Video games like Persona 3 feel like lighthouses between the fog and moors of hopelessness and indecision.

There have been others. Grandparents. Friends. Acquaintances. People die, and the only thing left of them is memory. Eventually, that fades as well, and people are flattened and reduced to material things. It is by no accident that when you complete a Social Link in Persona 3 you are rewarded with a permanent Key Item that summarizes your relationship with that person. It's an icon, a magicked piece of them to keep and hold onto. It's a reminder of who they were, and even the smallest material items gain immense power when they are emboldened by the spirit of those we love. As we get older it becomes increasingly difficult to part with these small things that provide meaning in our cluttered lives—these items are not a reminder of a person's death, but of their life.

Source: Author.

The answer

Throughout Persona 3's lengthy narrative, it is Aigis who is most fascinated by the meaning of life. As a machine, she thinks of herself as an "other" in relation to the (mostly) human party. The philosophical quandary speaks for itself: Aegis might be a machine, but her personhood grants her the same mortal flaws and characteristics as a living person. She claims that she is not a girl but only a body of metal parts and pieces, yet this is not so dissimilar to the human condition. We are specially arranged constructions of muscle and bone, and our personalities are almost entirely formed by outward characteristics.

Aigis slowly learns that it's who you are that matters. As she spends time with the party, and more importantly the protagonist, she learns that the meaning of life is more complicated than any single answer. At the game's finale, after the protagonist has used the last of his life energy to seal Nyx away and save all those he loves, Aigis holds him and vows to protect him. It's bittersweet: she knows that the end is coming, but that doesn't forestall her promise. She sees the meaning and beauty of life in all its complications, ugliness, and cruelty. Forging ahead isn't about reaching some imaginary destination, but about prolonging the time you have so that you can make the most of it alongside those you love.

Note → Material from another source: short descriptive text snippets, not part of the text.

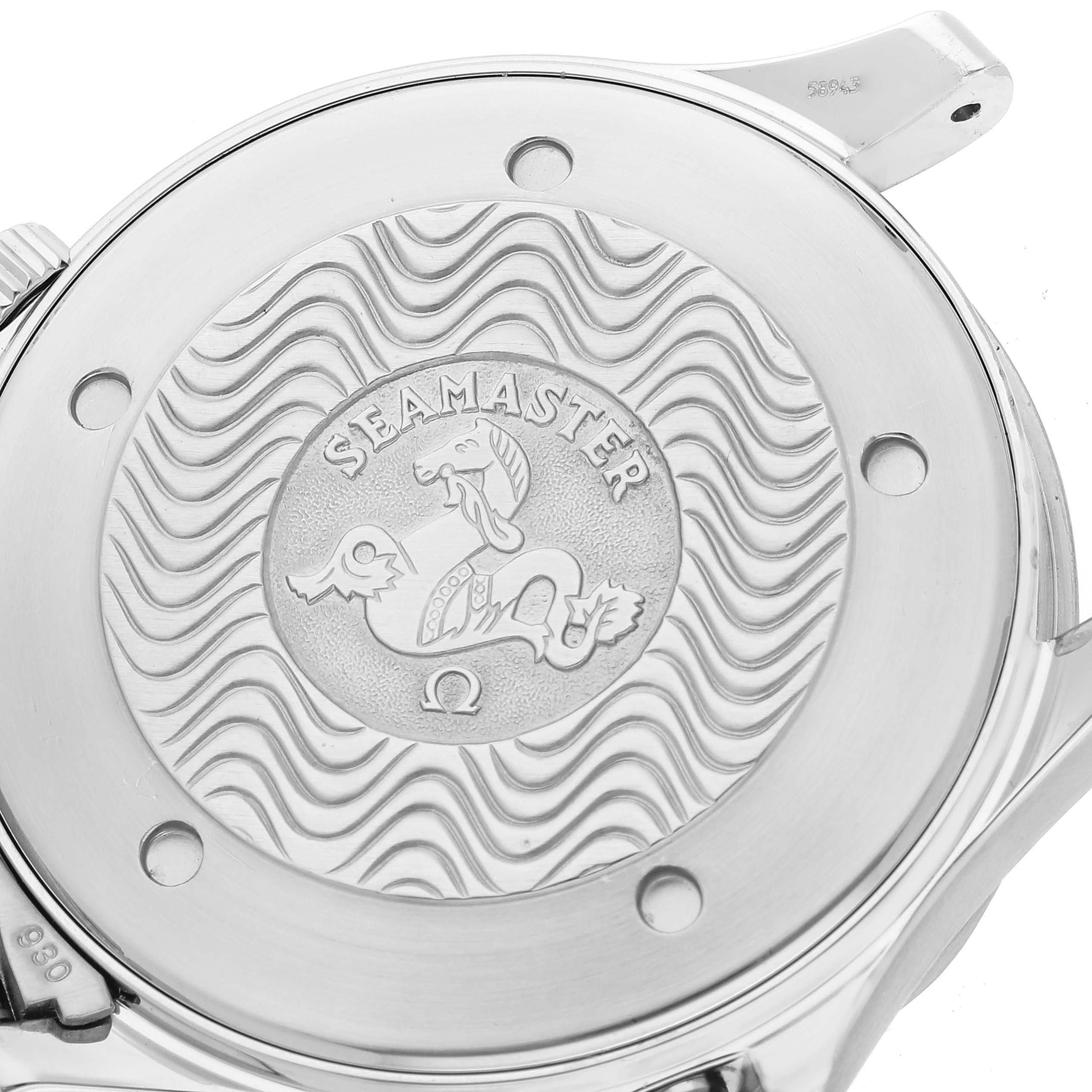 The image shows the case back of an Omega Seamaster 2265.80.00 Men
s Stainless Steel Blue Dial 2265.80.00 Men
s Stainless Steel Blue Dial watch, highlighting the engraved logo and wave pattern.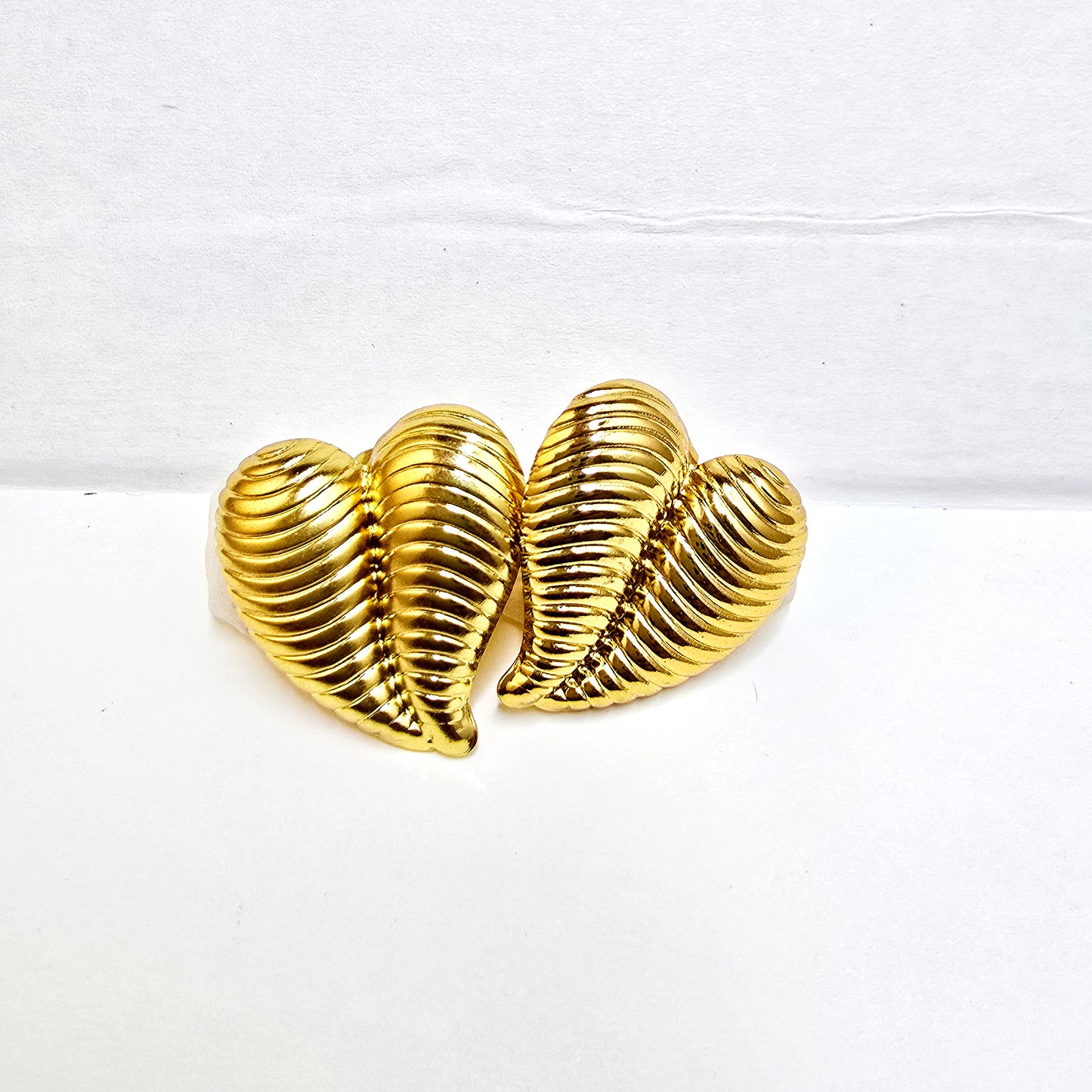 A pair of gold-plated striped heart stud earrings with a horizontal ribbed texture on a white background.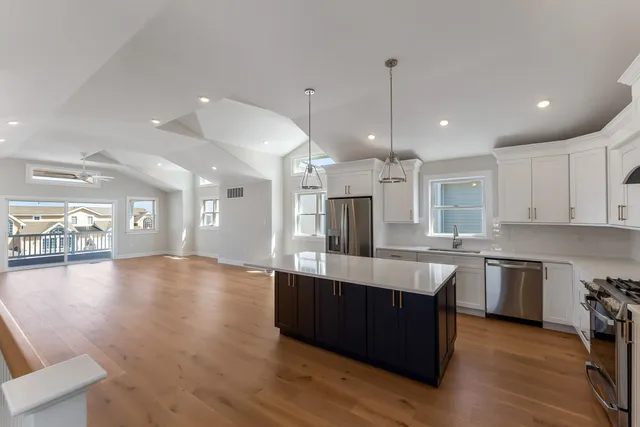 a large kitchen with stainless steel appliances lots of counter space sink refrigerator and cabinets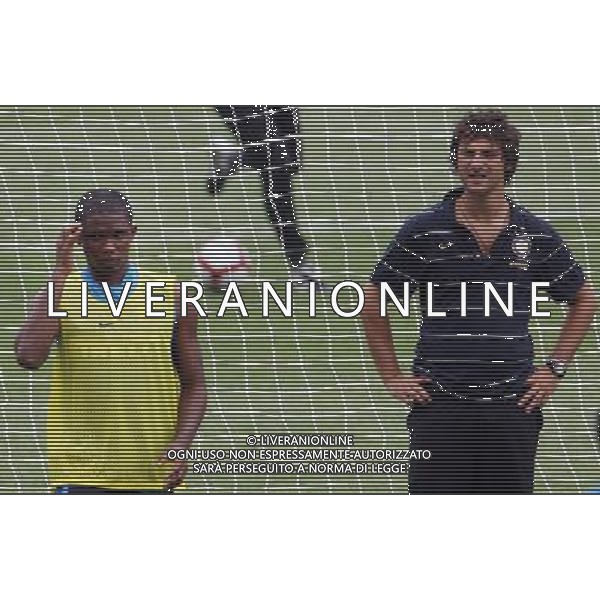 Allenamento dell\'Inter a Pechino per la Supercoppa Italiana 04/08/2009 Inter\'s Samuel Eto\'o (L) attends a training session for the upcoming Italian Super Cup in Beijing, China on Tuesday, Aug. 4, 2009. Scudetto holders Inter and Coppa Italia winners Lazio will compete in the Italian Super Cup in Beijing on August 8.(Photo By Qiu Feng/ColorChinaPhoto) /Agenzia Aldo Liverani Sas - ITALY ONLY -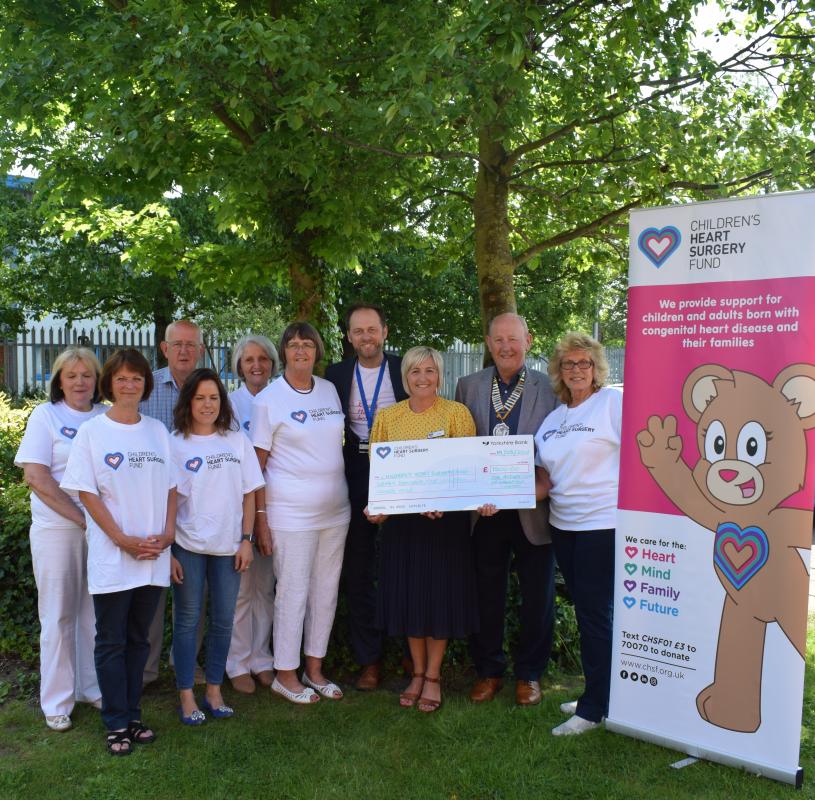 Keeping The Beat target reached - Cheque presentation with some of the people who worked so hard to raise the money:- L to R – Judith Evans, Jill Brookling, Neil Dodgson, Charlotte Woods, Rosemary Pugh, Elaine Dodgson, Andy McNally, Lisa Williams, Dick Wood and Maggie Ablitt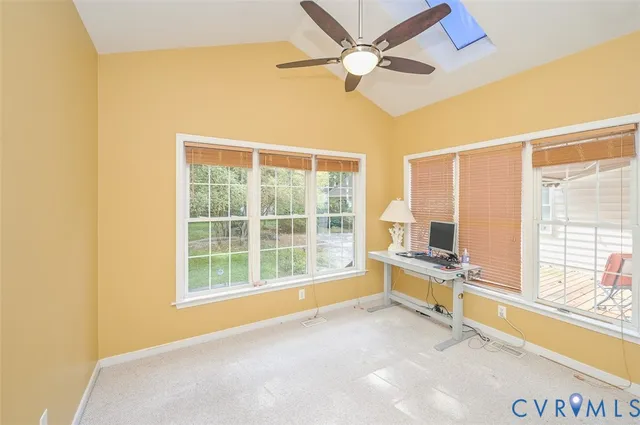 a view of a bathroom with a tub and shower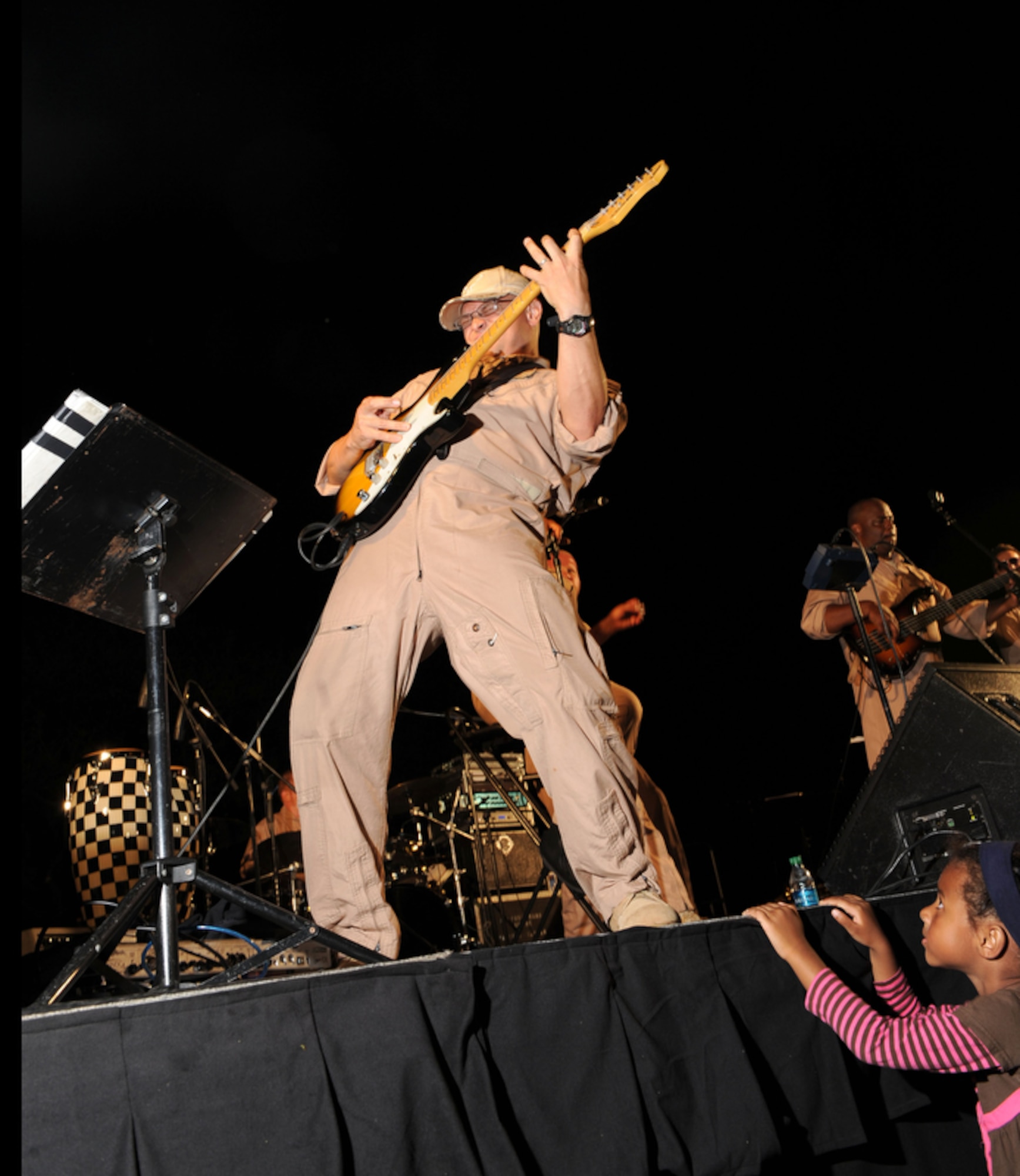 HONOLULU - Tech Sgt Greg Lacy of the U. S. Air Force Band of the Pacific - Hawaii, also known as "Hana Hou" performs in front of more than 400 onlookers during a Military Band Melee event at Ft DeRussy Park in Honolulu, Hawaii on May 29 as part of Military Appreciation Month and a prelude to Memorial Day events. The U.S. Army's 25th Infantry Division Band, the U. S. Navy Pacific Fleet Band, the Marine Corps Forces Pacific Band, the U.S. Air Force of the Band of the Pacific-Hawaii and the U.S. Coast Guard were all represented at the free concert. (U.S.  Air Force photo/Tech Sgt. Cohen A. Young)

As Aigis tearfully holds the protagonist in his final moments and the remainder of our party races to the rooftop, their fog of amnesia dissipated by his waning, we are not only struck with sadness but with hope. We will meet together again—sometime, somewhere.

Source: Author.

I will be the first to admit that I regularly take the good moments for granted. When you look back on your life, those fleeting moments are the only thing that will stand out against snapshots of otherwise unremarkable feats. I close my eyes and I relish in vacations, birthdays, and celebrations. Like Persona 3, we cannot fixate on the tragedies that befall us. We do the best we can because there is nothing else.

We all face immense challenges in this life. I would be lying if I said I've never thought about suicide. I would be lying if I said that I do not obsess over death. Sometimes the feelings associated with death become so claustrophobic that it takes all we have just to escape and look for renewed meaning. Persona 3 grants us that small, fragile moment of escape. It's not just a video game, it's a philosophical celebration of what it means to live, an exploration into the only question that matters.

"Remember that you will die" is not only a mantra; it is a focus. Do you know that you will die? And what will you do with the time you have left?

As I write this, part of the world continues to face one of the largest acts of cruelty ever imposed on a people. Together, we have faced innumerable acts of despicable violence, suffering, and tragedy in the 21st century. Between the original release of Persona 3 and now, humankind has inflicted horrendous and unspeakable measures of death upon itself. For many of us, these moments can be difficult to process. As our meager lives march on, and as we continue to deal with the physical and psychological effects of these tragedies, it's important to remember that you can always reach out to those around you for companionship and support. You are loved. You are not here alone.